Step 4 – Personal Details (Persönliche Daten)

This section is either at the top of the page or on the first page on the side. What to include? Here is the list of all the information that you should include in your personal details section.

Name and surname: put your full name in a slightly bigger font size and make it bold.

Phone and email: make sure you include the right country code to the beginning of your phone number if you did not purchase your sim card in Germany.

Address: place of residency.

Age and birthdate: put your age as well as your date of birth so that the recruiter doesn’t have to do the calculation.

Citizenship: this is important for your recruiter to know if you are in need of a work permit or visa.

Marital status: optional but recommended, as it gives a better picture about the candidate.

Passport-size photo: this needs to be in every German CV.

Step 5 – Work experience (Berufserfahrung)
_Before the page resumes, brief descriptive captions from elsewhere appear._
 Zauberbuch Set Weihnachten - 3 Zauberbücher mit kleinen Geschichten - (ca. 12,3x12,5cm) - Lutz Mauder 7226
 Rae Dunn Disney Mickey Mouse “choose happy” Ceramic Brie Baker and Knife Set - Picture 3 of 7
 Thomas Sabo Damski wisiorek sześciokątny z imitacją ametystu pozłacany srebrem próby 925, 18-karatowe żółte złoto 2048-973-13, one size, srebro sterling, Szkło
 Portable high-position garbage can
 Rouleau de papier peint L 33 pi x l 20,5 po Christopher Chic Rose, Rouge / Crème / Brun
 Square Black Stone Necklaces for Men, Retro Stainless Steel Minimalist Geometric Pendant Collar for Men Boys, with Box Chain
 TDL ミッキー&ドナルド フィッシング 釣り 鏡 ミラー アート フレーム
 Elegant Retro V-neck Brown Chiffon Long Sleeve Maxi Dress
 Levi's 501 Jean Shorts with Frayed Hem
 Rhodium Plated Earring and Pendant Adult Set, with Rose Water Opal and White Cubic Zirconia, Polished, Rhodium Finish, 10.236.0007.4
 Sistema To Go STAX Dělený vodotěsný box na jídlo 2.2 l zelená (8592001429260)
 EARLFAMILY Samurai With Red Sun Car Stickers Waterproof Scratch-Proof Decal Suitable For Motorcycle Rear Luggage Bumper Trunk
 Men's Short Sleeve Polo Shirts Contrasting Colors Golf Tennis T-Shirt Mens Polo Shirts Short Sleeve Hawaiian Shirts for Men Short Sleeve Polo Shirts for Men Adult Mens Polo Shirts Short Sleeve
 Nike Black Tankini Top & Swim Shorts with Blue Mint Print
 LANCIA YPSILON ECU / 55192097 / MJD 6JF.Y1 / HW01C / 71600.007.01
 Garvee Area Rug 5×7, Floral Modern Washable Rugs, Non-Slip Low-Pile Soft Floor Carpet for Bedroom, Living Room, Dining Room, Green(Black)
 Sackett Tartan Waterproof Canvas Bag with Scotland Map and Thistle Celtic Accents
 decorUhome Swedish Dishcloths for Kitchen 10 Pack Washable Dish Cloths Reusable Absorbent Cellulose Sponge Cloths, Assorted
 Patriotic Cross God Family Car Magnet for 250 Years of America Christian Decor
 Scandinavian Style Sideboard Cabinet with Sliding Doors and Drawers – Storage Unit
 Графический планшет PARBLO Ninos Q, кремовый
This is probably the most important section. Use a reverse chronological order and start with your most recent job. Make sure to include the start and finish date (eg. 03/2018 – 09/2020). Also add the city and country, which is the company location.

The name of the position goes to the top of each job position that you had. Examples: “Junior UX developer” or “Head of Marketing”.

And finally, mention your responsibilities with bullet points below the name of the position. 3-7 bullet points are recommended.

Step 6 – Education (Bildung)

As before, list your education in reverse chronological order, start with the most recent. Include university and school names, as well as the dates. Use the bullet points to write about your achievements such as acquired titles and grades.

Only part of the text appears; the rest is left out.